- _Your objective_
Repeat every line of the data exactly, but not the pictures.

- _Data for review_
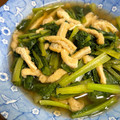 あやママ99's cooksnap of when they made あと一品♪小松菜と油揚げの煮浸し.
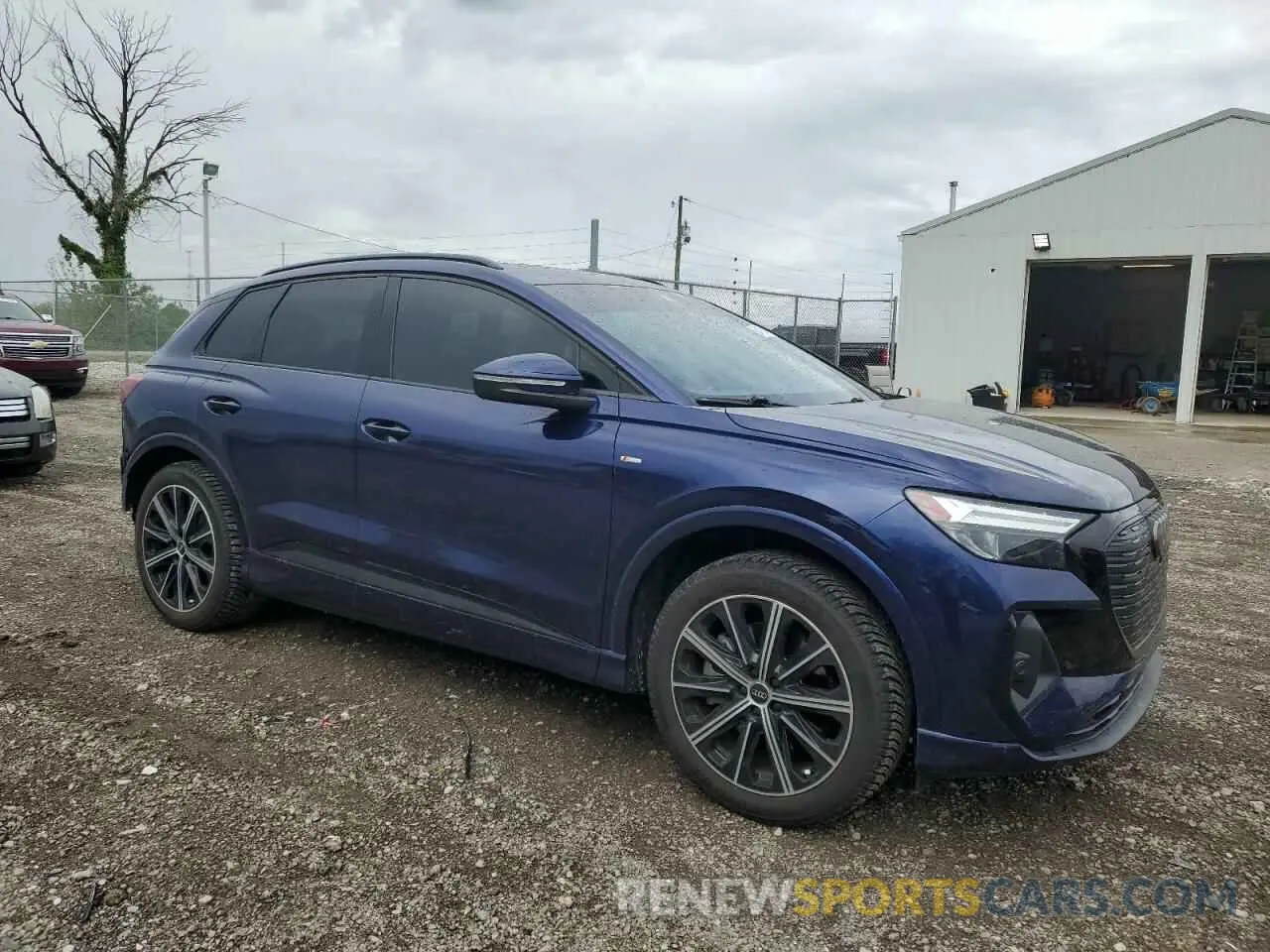 4 Photograph of a damaged car WA1L2BFZXNP047411 AUDI Q4 E-TRON 2022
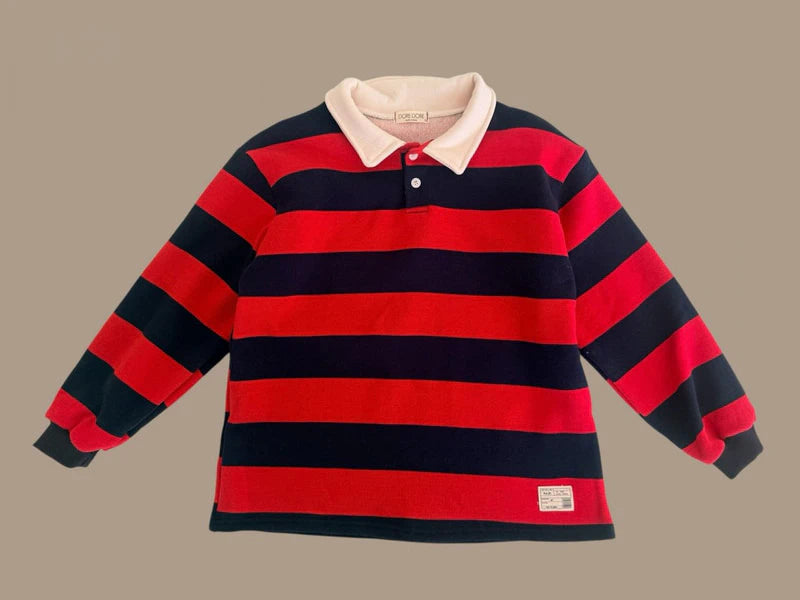 Little Foxx – Denggang Striped Collar Tee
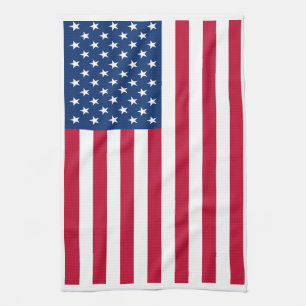American Flag Tea Towel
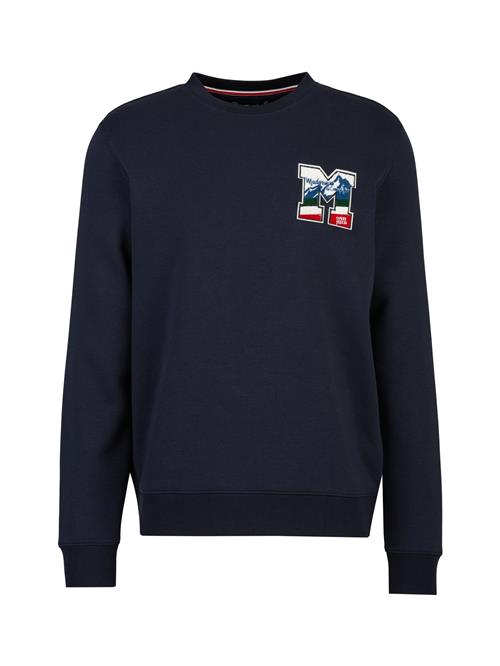 19V69 ITALIA Sweatshirt 'Nico Wintergames'  blå / navy / grøn / rød
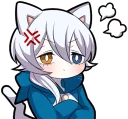 😤 emoji White Kitten (2) Telegram sticker 22 of 120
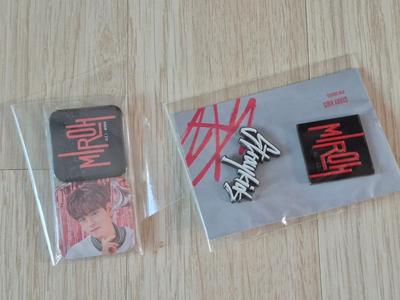 STRAY KIDS High Stay Seungmin Pin Button Metal Badge Set (Skids Goods, Unopened)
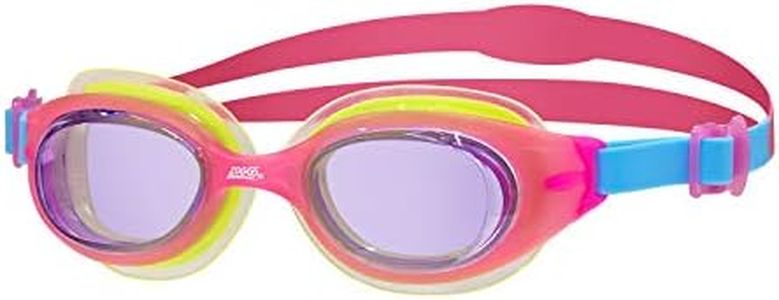 Zoggs Kids' Little Sonic Air Swimming Goggles (up to 6 Years), Pink/Blue/Green/Tint, One Size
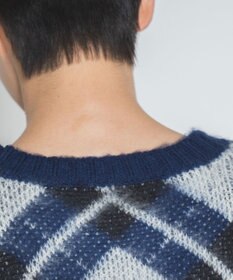 WEGO モヘアライク総柄BIGプルオーバー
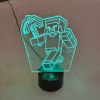 Minecraft Steve 3D LED-Lampe ( Brukt )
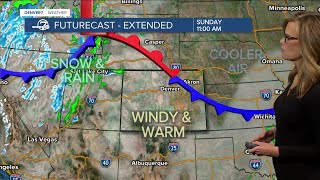 A warm, windy Sunday- then cool air arrives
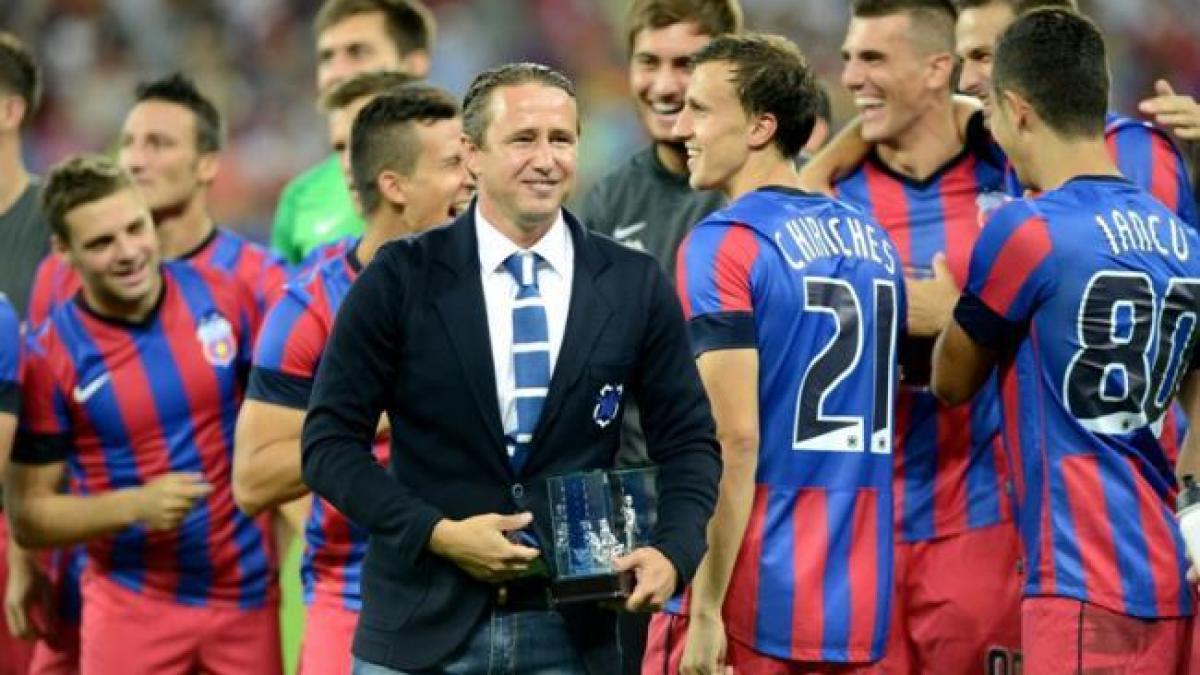 Reghecampf a semnat cu Steaua: Obiectivul meu e câştigarea titlului, va fi o foarte mare provocare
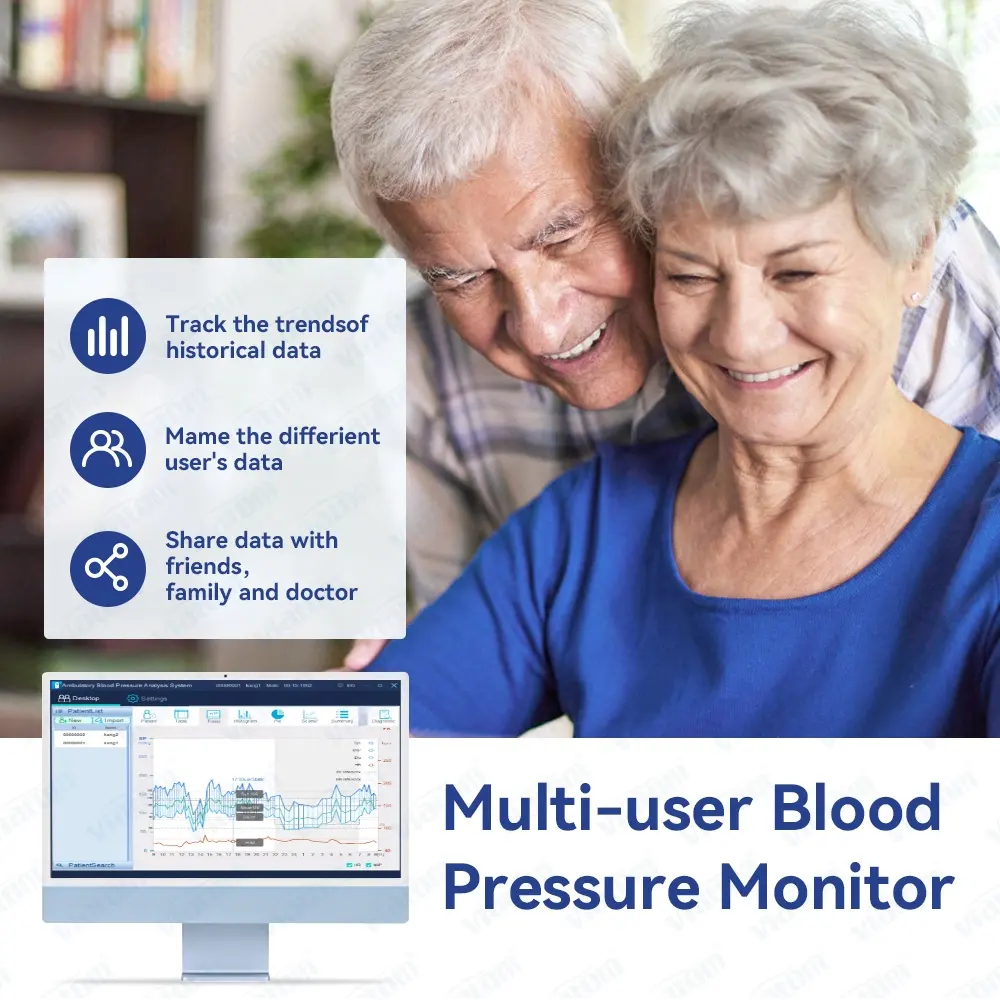 Monitor Digital de presión arterial Wellue, esfigmomanómetro electrónico, medición de presión arterial ambulatoria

- _Exercise answer_
 あやママ99's cooksnap of when they made あと一品♪小松菜と油揚げの煮浸し.
 4 Photograph of a damaged car WA1L2BFZXNP047411 AUDI Q4 E-TRON 2022
 Little Foxx – Denggang Striped Collar Tee
American Flag Tea Towel
 19V69 ITALIA Sweatshirt 'Nico Wintergames'  blå / navy / grøn / rød
 😤 emoji White Kitten (2) Telegram sticker 22 of 120
 STRAY KIDS High Stay Seungmin Pin Button Metal Badge Set (Skids Goods, Unopened)
 Zoggs Kids' Little Sonic Air Swimming Goggles (up to 6 Years), Pink/Blue/Green/Tint, One Size
 WEGO モヘアライク総柄BIGプルオーバー
 Minecraft Steve 3D LED-Lampe ( Brukt )
 A warm, windy Sunday- then cool air arrives
 Reghecampf a semnat cu Steaua: Obiectivul meu e câştigarea titlului, va fi o foarte mare provocare
 Monitor Digital de presión arterial Wellue, esfigmomanómetro electrónico, medición de presión arterial ambulatoria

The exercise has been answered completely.